Neoplan was launched in Stuttgart in 1935 by Gottlob Auwärter. His small shop produced produced bodywork for bus and truck chassis with flair. After World War II, the company’s designs moved to all-steel bodies. Then in 1953 Neoplan started building buses with partial monocoque designs featuring tubular steel skeleton for strength.
The company would continue to evolve with buses with then novel air suspensions, independent front suspensions and rear engines.
Neoplan’s engine provider in Europe, MAN, notes that the 1960 Neoplan Hamburg was the first bus to feature air nozzles that could be manipulated by passengers; a feature not unlike what planes and buses have today.
Neoplan would get its first shot in America in 1976. Then, Neoplan licensed a transit bus design to U.S. manufacturer Gillig for what would become the Gillig-Neoplan. But Neoplan wanted more, and in May 1981 the company opened up a plant in Lamar, Colorado. It was a match made in heaven, the New York Times reported, as Lamar wanted to diversify its economy and Neoplan believed that people living in rural areas had a better work ethic than others. UPI News reported that the buses were constructed of parts from all over the world and when finished, the workers that built them were driven home in them and asked to critique their own work.
Neoplan built a little bit of everything from low-floor transit buses, articulated buses, a double-decker and this, the Cityliner AN116/3.
This bus was designed to be a luxury coach and launched in 1971 at the International Exhibition of Buses in Monaco. As you probably guessed from its design, these are made for speed and comfort, unlike a transit bus. The American Cityliner differed from its European counterpart with changes like an American engine, transmission and HVAC system. And it was constructed with a steel structure with a galvanized roof and side panels.
This is a high-deck touring coach where the passengers sit high up above the road. There is ample interior room and the space underneath is wide open for luggage or whatever else would fit. The Neoplan Cityliner differed from other high-deck coaches of the day—and even today—with a characteristic upper front window.
Power comes from a 12.7-liter Detroit Diesel Series 60 inline-six making 400 horsepower and 1450 lb-ft torque. The seller says that it runs, drives, and comes with a new alternator.

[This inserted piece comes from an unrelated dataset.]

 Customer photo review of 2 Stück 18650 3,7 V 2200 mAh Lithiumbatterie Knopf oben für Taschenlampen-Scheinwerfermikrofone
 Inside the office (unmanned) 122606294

However, you can tell that the 45-foot bus hasn’t lived the easiest life as parts in the engine bay have rust and what appears to be amateur welding repairs. A search of the bus’ VIN indicates that it used to be owned by Northampton County Schools in North Carolina before it was sold in 2017.
Fix that rust up and you have a solid and unique platform to do whatever you want. Not even a Prevost has looks like this coach.
Even though it’s a bus of a German design, the Detroit Diesel and Allison transmission means that it should be reliable and that parts shouldn’t be too difficult to find. The Detroit 60 was used in a number of semi trucks and have been known to reach and exceed a million miles.
I’d think it would make a great RV, and some of the hard work is already done as the bus has a toilet and ample storage.
Sadly, Neoplan had a shaky existence in America, with officials at a number of transit operators complaining about structural cracking, drivetrain problems and even a fire resulting from electrical problems. One bus even had structural cracks before it even reached 500 miles on its odometer.
Neoplan USA at one point claimed to have a 40 percent transit bus market share in America, but it wouldn’t last. Warranty claims and canceled orders would lead to Neoplan USA filing for bankruptcy in 2006 before leaving entirely in 2007.
While Neoplan USA may be gone, the buses that survived like this Cityliner exist as examples of its past. And at least the German operation is still going, still building wild buses. This piece of history is just $7,900, and I hope you pick it up before I make a really bad decision.